_WHAT TO WORK ON_: Return only those lines of the records below in which "Used" appears.

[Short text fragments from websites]
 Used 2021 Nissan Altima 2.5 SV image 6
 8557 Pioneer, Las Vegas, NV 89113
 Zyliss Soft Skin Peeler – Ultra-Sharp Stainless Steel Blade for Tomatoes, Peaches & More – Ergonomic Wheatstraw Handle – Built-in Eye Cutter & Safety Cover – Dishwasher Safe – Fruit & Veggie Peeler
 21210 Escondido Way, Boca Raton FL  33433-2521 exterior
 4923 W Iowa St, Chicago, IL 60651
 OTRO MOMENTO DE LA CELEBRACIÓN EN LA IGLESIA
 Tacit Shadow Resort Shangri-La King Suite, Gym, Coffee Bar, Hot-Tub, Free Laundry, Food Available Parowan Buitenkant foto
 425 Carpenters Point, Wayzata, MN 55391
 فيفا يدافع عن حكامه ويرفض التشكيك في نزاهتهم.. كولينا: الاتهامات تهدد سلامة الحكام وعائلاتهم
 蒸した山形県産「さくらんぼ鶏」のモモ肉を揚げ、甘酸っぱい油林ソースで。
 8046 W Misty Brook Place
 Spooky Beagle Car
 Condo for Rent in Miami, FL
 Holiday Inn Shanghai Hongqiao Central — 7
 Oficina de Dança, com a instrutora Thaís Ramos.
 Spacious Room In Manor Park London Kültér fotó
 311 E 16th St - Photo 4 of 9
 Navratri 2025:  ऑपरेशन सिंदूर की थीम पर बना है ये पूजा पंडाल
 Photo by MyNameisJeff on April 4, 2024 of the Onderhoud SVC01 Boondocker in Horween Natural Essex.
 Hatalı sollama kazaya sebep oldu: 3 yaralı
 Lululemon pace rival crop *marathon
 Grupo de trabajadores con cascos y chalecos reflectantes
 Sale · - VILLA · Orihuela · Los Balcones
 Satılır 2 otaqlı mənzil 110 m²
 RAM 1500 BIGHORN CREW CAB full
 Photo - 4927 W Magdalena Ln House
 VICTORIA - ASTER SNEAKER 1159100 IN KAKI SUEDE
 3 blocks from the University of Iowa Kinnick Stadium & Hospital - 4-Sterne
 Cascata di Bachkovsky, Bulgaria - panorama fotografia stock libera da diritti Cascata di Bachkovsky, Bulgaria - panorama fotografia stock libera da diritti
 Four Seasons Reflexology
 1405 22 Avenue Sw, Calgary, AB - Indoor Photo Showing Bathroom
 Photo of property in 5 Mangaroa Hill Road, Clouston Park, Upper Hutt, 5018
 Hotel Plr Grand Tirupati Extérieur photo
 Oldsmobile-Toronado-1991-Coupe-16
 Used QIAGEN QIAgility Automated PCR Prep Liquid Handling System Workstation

_EXERCISE SOLUTION_:
 Used 2021 Nissan Altima 2.5 SV image 6
 Used QIAGEN QIAgility Automated PCR Prep Liquid Handling System Workstation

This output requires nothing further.